この計算ツールでできること
「ビーム角からスポット径を求める計算ツール」は、照明器具のビーム角と照射距離を入力するだけで、壁や床に当たる光の円(スポット)の直径を割り出します。舞台照明、写真撮影、建築照明、LEDダウンライトのレイアウト設計などで幅広く使われ、器具を取り付ける前に「光の広がりがどのくらいになるか」を事前に確認できます。
使い方
まずビーム角を度(°)で入力します。これは多くの照明器具のスペックシートに記載されており、10°・25°・36°・60° などがよく使われる値です。次に、器具から照射面までの距離をメートルで入力してください。これだけで、スポット径・半径・照射面積が一度に求められます。
計算式の解説
光は中心線を軸に円すい状に左右対称に広がります。距離 \(d\) の位置でのスポットの半径は \(d \times \tan(\theta/2)\) で求められます(\(\theta\) は全ビーム角)。半径を2倍すれば直径になります。

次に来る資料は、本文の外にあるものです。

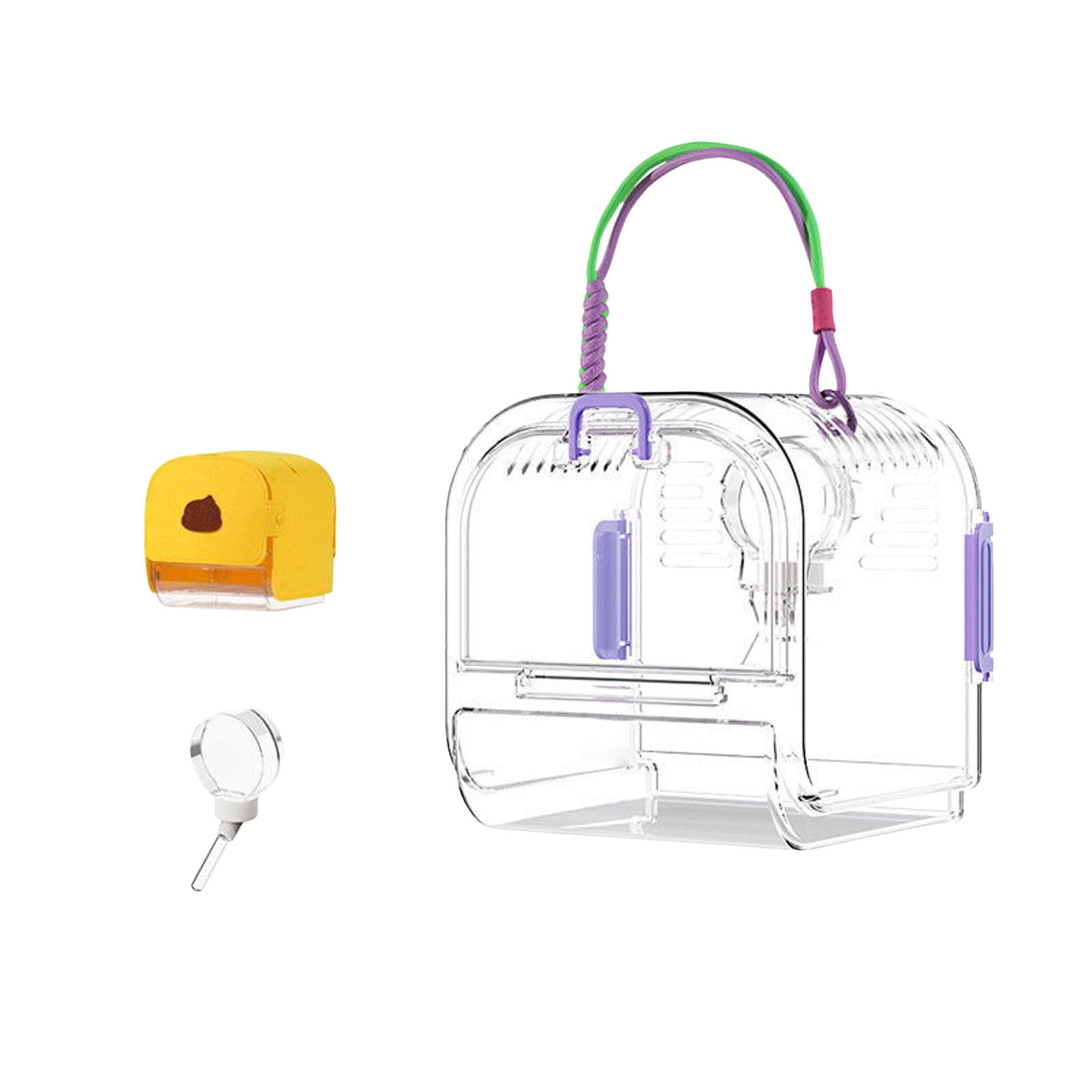Portable Travel Bird Cage Lightweight Ventilated Transparent Backpack for Small Birds Budgies Parrots Outdoor Use Easy Carry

$$D = 2 \times d \times \tan\!\left(\frac{\theta}{2}\right)$$
角度を半分にするのは、ビーム角が円すい全体の開き角を表すのに対し、tan の関係式では中心線から端までの角度を使うためです。照射面積は円の公式 \(A = \pi \cdot (D/2)^2\) から計算します。
計算例
ビーム角36°のスポットライトを、壁から2mの位置に取り付けたとします。角度の半分は18°で、\(\tan(18^\circ) \approx 0.32492\)。したがって $$D = 2 \times 2 \times 0.32492 \approx 1.30 \text{ m}$$ となります。照射面積は \(\pi \times (0.65)^2 \approx 1.33 \text{ m}^2\) です。
一般的なビーム角とその広がり
照明メーカーは器具を広いビーム角クラスに分類しています。狭いビーム角は光を狭く明るいプールに集中させ、広いビーム角は同じルーメンをより広い領域に低い強度で分散させます。以下のカテゴリーは、スポットライト、トラック照明、ダウンライト、建築用器具に広く使用されています。
| 分類 | ビーム角 | 一般的な用途 |
|---|---|---|
| 非常に狭いスポット | \(\leq 10^\circ\) | 小さな物体の強調、彫刻のハイライト、ジュエリーディスプレイ、長距離ハイライティング |
| スポット | \(10^\circ\!-\!18^\circ\) | アートワーク、小売製品の特徴、フォーカスされたタスクハイライト |
| ナロー フラッド | \(18^\circ\!-\!28^\circ\) | アクセント照明、フィーチャーパネルの壁面洗浄、ディスプレイケース |
| フラッド | \(28^\circ\!-\!40^\circ\) | 一般的なアクセント照明とタスク照明、キッチンカウンター、作業面 |
| ワイド フラッド | \(40^\circ\!-\!60^\circ\) | 周囲照明、均等なカバレッジ、埋め込み天井ダウンライト |
| 非常にワイド フラッド | \(> 60^\circ\) | 広いアンビエント洗浄、低い天井、広い均一なカバレッジ |
ビーム角(強度がピークの少なくとも50%の円錐)は、より広いフィールド角(ピークの少なくとも10%の強度)とは異なることに注意してください。このページのスポット直径公式は、公開されているビーム角を使用しています。
よくある質問
ビーム角とは? 光の強さが中心(最大)の50%まで低下する両端の点を結んだ角度のことで、いわば「有効に使える光」の円すいの広がりを表します。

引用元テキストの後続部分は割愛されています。